• [What the exercise asks]:
Once you reach the line with "For y'all who" below, copy each line exactly, stopping after the line with "Now we've got", and skip any pictures.

* * *

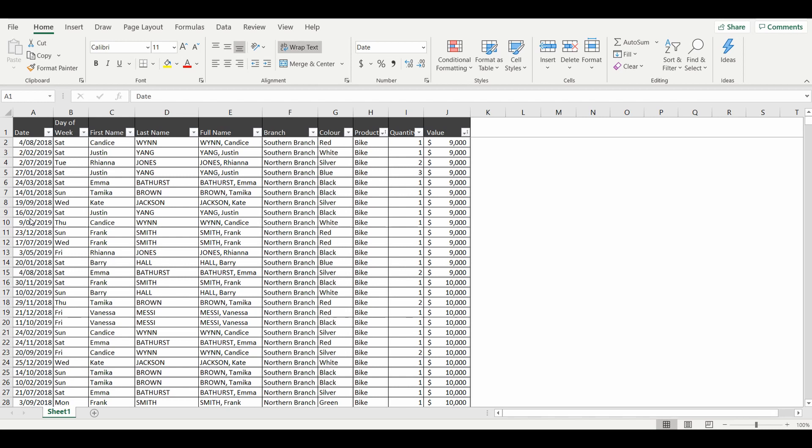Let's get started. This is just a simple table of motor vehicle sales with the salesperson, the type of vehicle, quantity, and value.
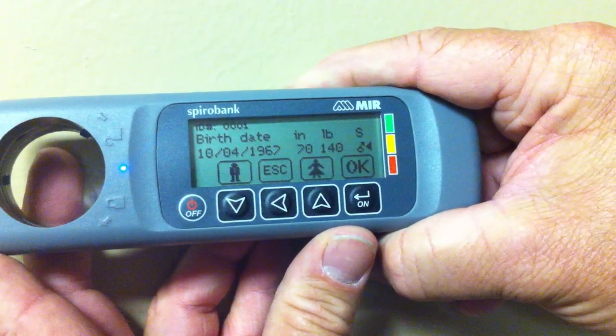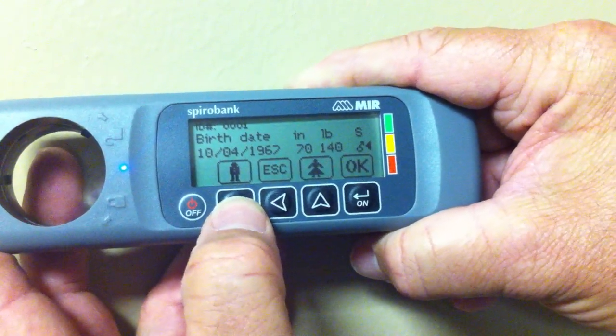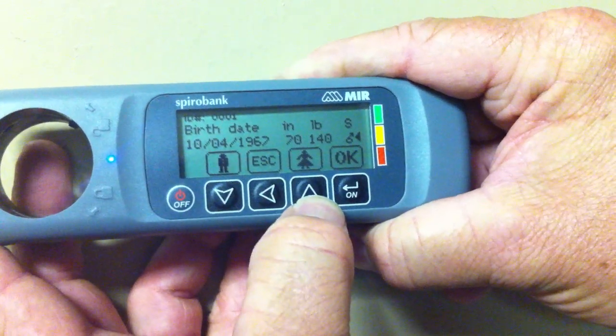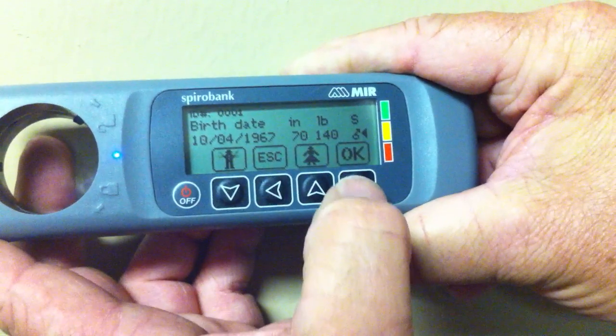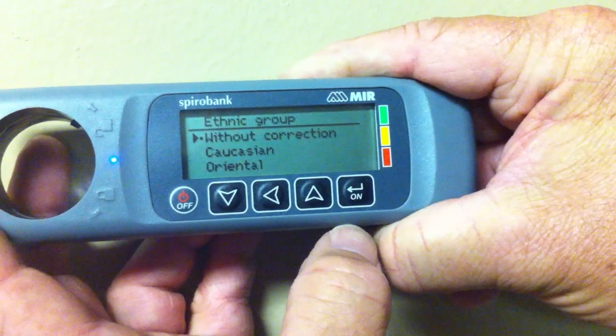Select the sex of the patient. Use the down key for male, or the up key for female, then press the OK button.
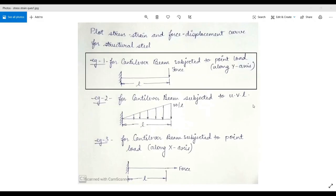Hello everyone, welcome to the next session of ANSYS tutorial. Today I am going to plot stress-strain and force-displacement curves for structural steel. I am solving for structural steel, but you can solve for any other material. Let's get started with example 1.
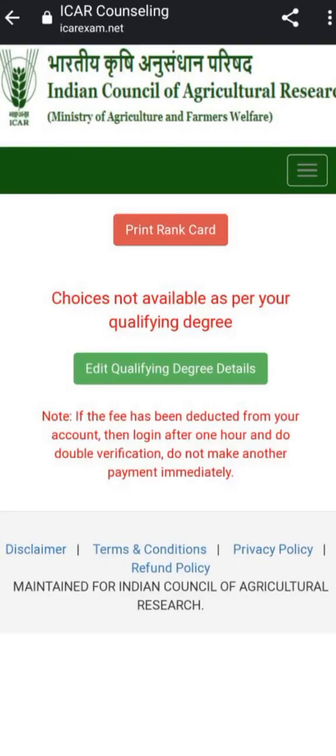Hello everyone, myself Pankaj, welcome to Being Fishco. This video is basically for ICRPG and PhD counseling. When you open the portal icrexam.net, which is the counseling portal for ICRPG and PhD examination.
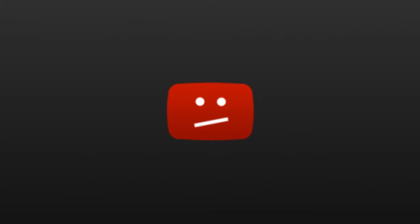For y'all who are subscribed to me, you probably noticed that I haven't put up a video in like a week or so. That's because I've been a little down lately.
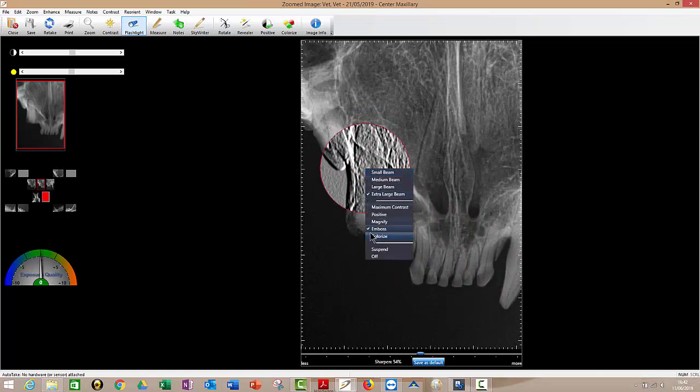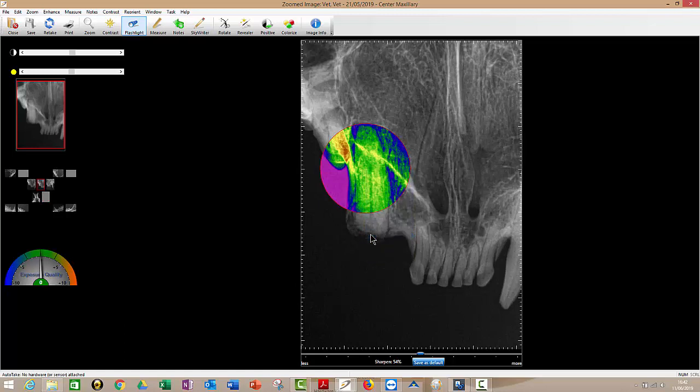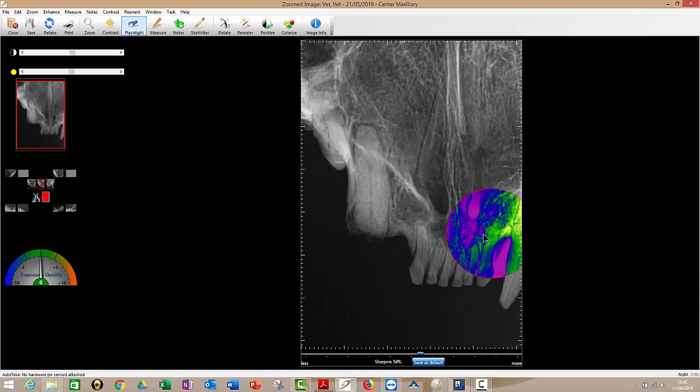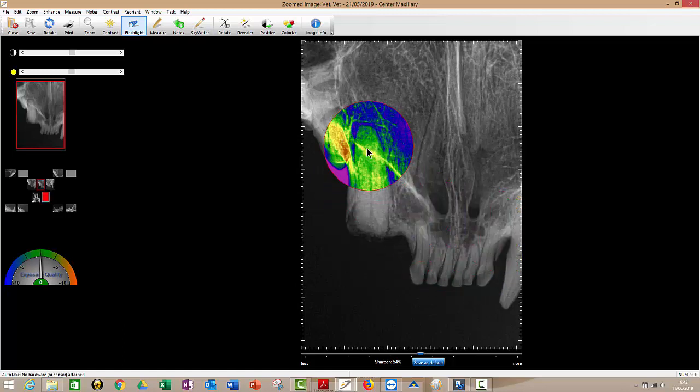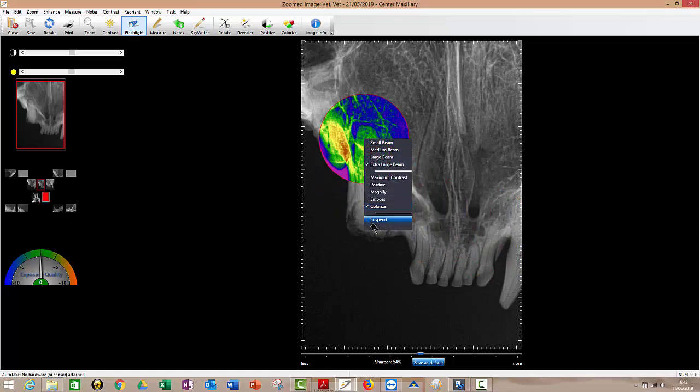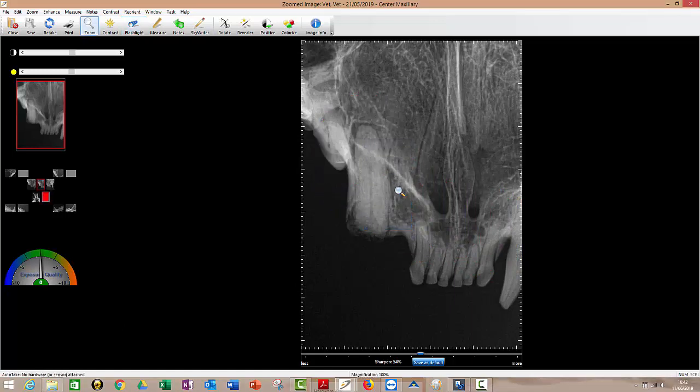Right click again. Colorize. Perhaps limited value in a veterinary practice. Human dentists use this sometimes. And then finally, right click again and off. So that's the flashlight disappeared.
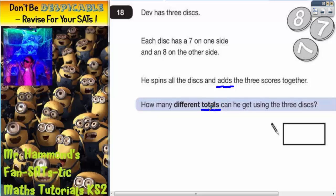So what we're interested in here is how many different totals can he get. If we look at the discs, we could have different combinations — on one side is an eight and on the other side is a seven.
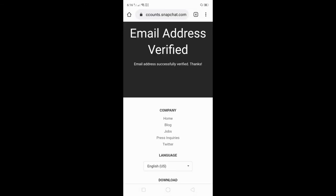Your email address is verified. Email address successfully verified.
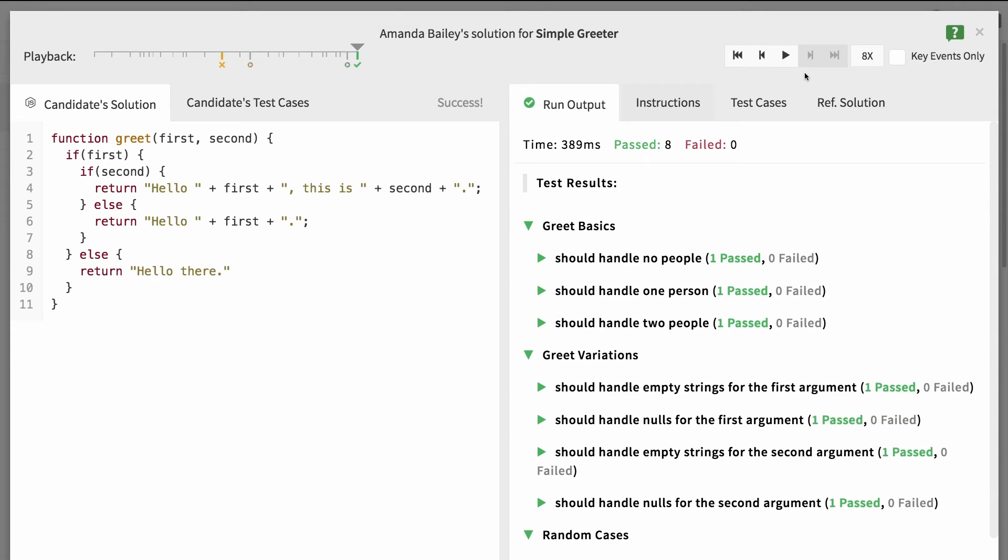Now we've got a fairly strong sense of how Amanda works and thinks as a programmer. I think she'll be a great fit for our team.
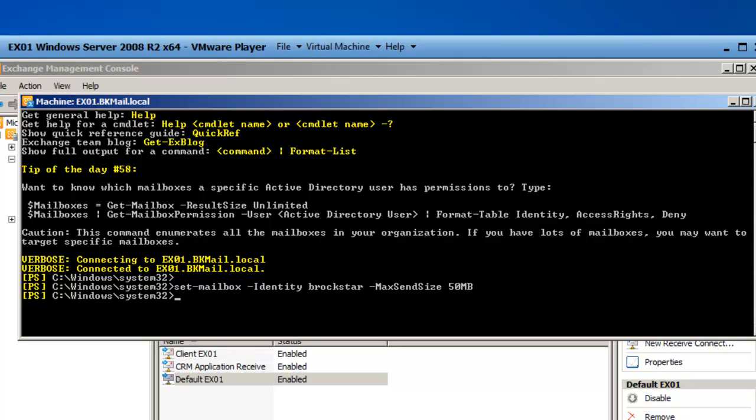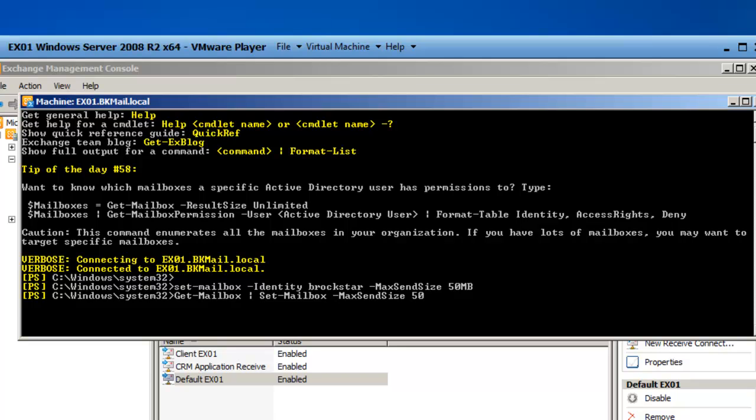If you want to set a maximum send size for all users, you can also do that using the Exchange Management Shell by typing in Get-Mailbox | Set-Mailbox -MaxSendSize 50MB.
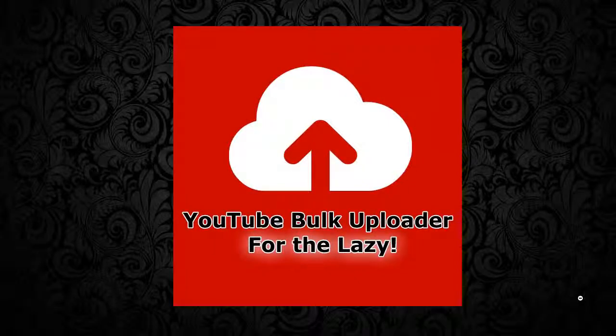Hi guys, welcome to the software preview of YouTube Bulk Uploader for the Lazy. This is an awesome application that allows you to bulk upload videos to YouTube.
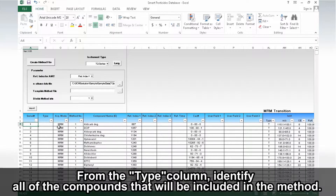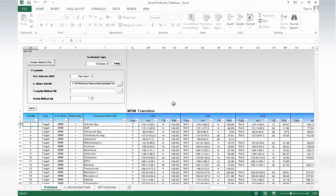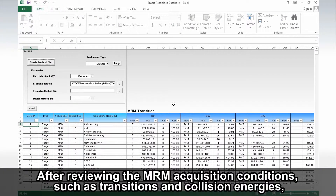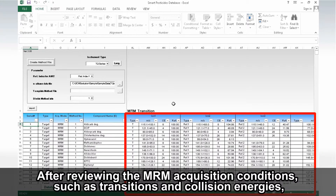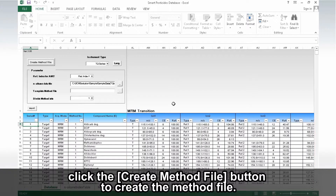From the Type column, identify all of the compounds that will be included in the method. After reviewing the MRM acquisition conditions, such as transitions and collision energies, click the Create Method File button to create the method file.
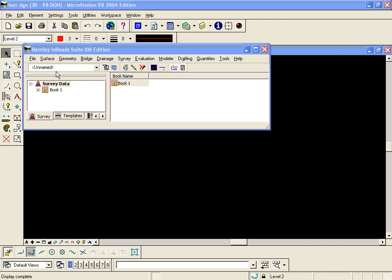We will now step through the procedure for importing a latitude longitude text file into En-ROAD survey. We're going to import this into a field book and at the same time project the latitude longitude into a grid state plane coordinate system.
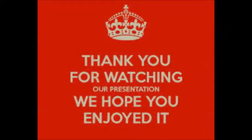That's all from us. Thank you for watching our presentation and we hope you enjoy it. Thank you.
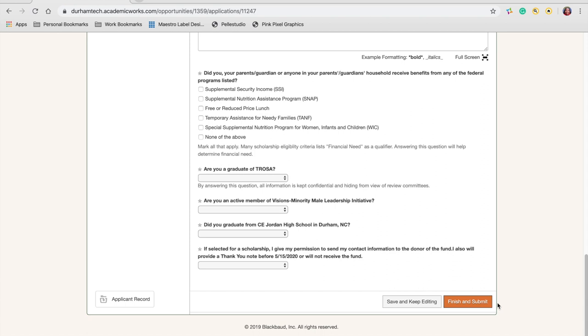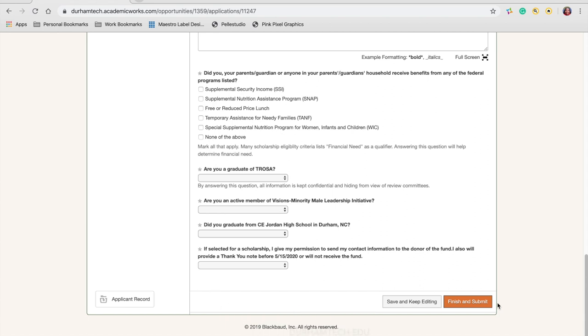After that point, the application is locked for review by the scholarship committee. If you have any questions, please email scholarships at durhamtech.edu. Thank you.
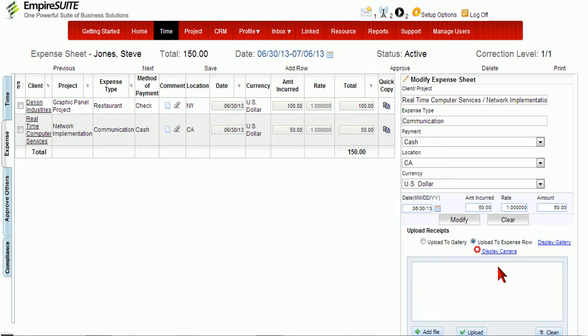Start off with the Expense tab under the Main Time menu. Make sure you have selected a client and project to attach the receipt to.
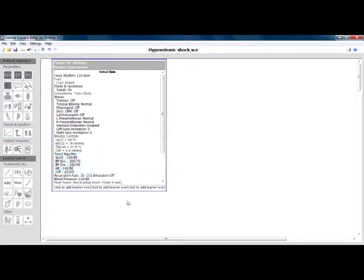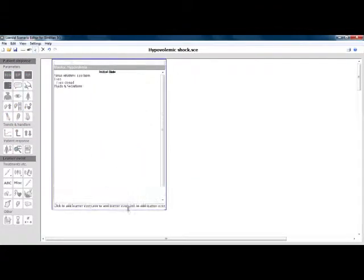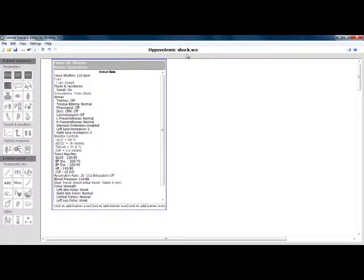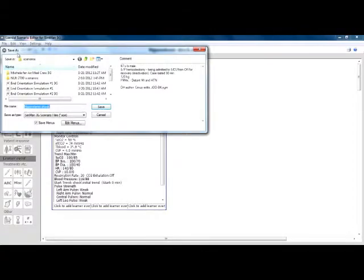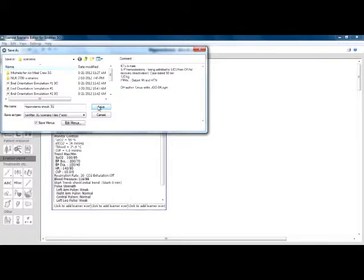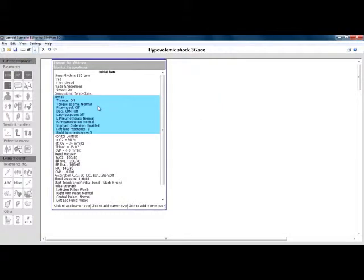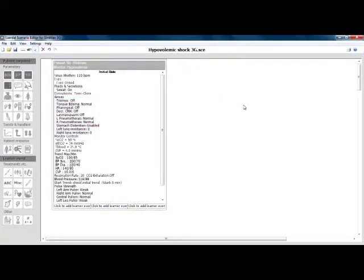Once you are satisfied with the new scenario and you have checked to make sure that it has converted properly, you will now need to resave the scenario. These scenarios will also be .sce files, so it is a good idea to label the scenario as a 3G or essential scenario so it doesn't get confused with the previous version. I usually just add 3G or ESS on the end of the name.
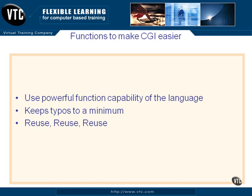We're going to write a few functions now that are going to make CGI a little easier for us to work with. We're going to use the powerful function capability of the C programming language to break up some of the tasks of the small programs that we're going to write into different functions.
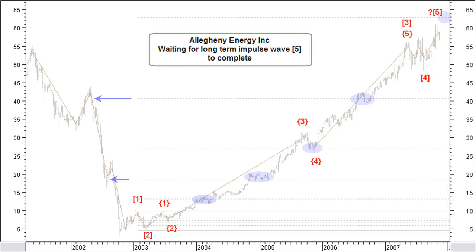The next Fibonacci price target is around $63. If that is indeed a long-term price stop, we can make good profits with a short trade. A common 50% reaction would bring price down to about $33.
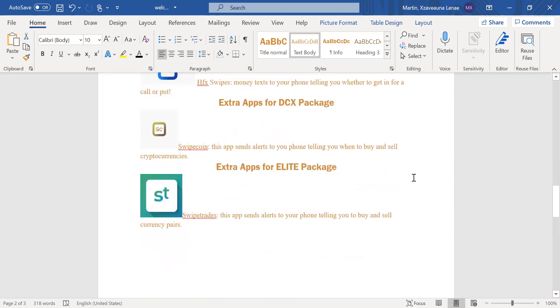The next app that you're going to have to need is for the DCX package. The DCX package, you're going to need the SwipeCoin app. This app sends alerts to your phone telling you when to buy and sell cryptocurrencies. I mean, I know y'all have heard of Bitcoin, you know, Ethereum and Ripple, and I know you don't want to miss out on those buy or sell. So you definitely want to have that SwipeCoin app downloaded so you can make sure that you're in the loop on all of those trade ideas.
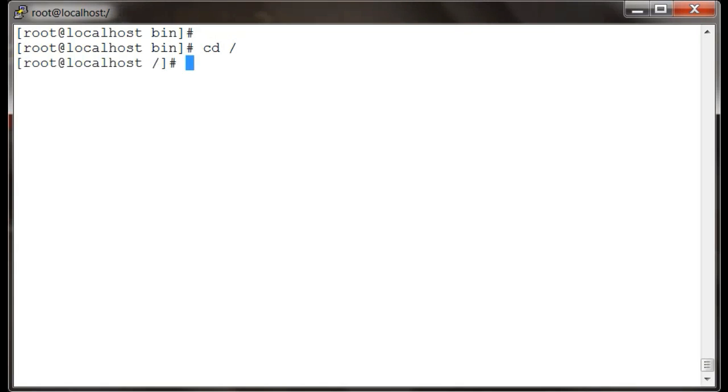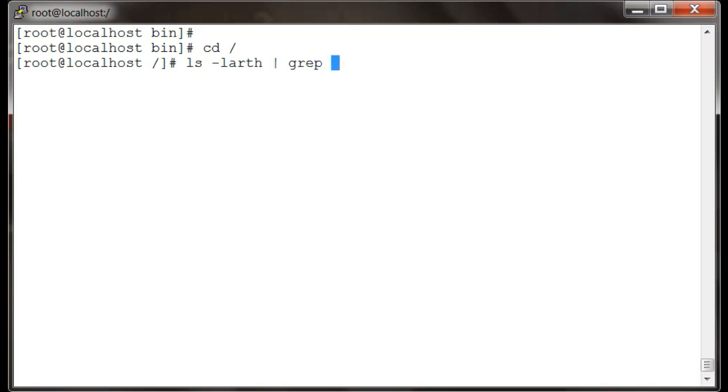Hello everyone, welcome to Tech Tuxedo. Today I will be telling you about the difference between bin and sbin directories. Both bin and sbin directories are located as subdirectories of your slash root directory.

* * *

• [Output of the exercise]:
For y'all who are subscribed to me, you probably noticed that I haven't put up a video in like a week or so. That's because I've been a little down lately.
Right click again. Colorize. Perhaps limited value in a veterinary practice. Human dentists use this sometimes. And then finally, right click again and off. So that's the flashlight disappeared.
So what we're interested in here is how many different totals can he get. If we look at the discs, we could have different combinations — on one side is an eight and on the other side is a seven.
Your email address is verified. Email address successfully verified.
Now we've got a fairly strong sense of how Amanda works and thinks as a programmer. I think she'll be a great fit for our team.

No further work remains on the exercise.